A groundbreaking AI model, CoTracker3, dramatically improves video point tracking by eliminating complex components and effectively leveraging real-world data, outpacing existing technologies with superior performance and efficiency.
Research: CoTracker3: Simpler and Better Point Tracking by Pseudo-Labelling Real Videos
*Important notice: arXiv publishes preliminary scientific reports that are not peer-reviewed and, therefore, should not be regarded as definitive, used to guide development decisions, or treated as established information in the field of artificial intelligence research.
In an article recently submitted to the arXiv preprint* server, researchers at Meta AI, Visual Geometry Group, University of Oxford introduced CoTracker3. This new point-tracking model simplified previous architectures and used a semi-supervised training method to improve performance on real videos. By generating pseudo-labels from off-the-shelf teachers, it bridged the gap between synthetic and real video data. CoTracker3 achieved better results with significantly less data, offering both online and offline tracking options that effectively handled visible and occluded points.
CoTracker3 specifically simplified components such as the global matching stage and used a multi-layer perceptron (MLP) for correlation feature processing, making it faster and more efficient than prior models.
Background
Point tracking is essential for video analysis tasks like three-dimensional (3D) reconstruction and video editing, as it helps recover precise correspondences between frames. Recent advances in point tracking models have been driven by transformer-based architectures, such as PIPs and tracking any point (TAP)-Vid, which introduced benchmarks and improved tracking techniques.

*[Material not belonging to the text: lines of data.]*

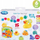 Set lodrash për banjo Playgro Bath Fun Play Pack, 15 copa, 6m+, shumëngjyrësh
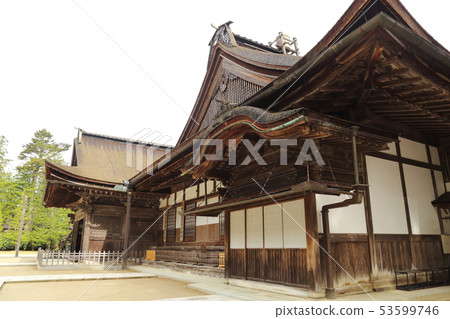 Kongomineji Temple Koyasan Shingonshu Sohonzan-World Heritage [Main Hall] 53599746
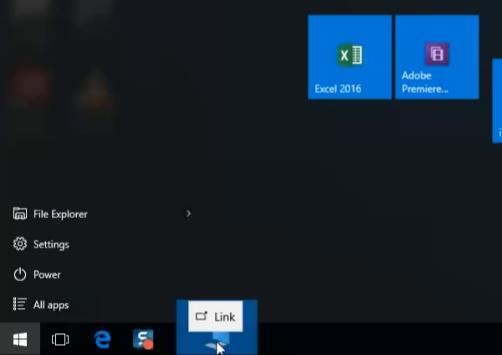 4. After you have all the desired apps in your Start menu, you can click and drag to organize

While synthetic videos have been commonly used for training due to the challenges of annotating real videos, this has led to performance gaps between synthetic and real-world data. Bootstrap TAP with iterative refinement (BootsTAPIR) addressed this by training on large collections of unlabelled real videos, but its complex semi-supervised training methods still leave room for improvement.
The paper introduced CoTracker3, a simpler and more data-efficient point-tracking model. By removing components like global matching and simplifying correlation processing, unnecessary components from previous trackers were eliminated, and a streamlined training process was used, significantly reducing the amount of real video data required. CoTracker3 outperformed state-of-the-art trackers, including BootsTAPIR, in both performance and data efficiency, filling gaps in the previous models’ complexity and scalability.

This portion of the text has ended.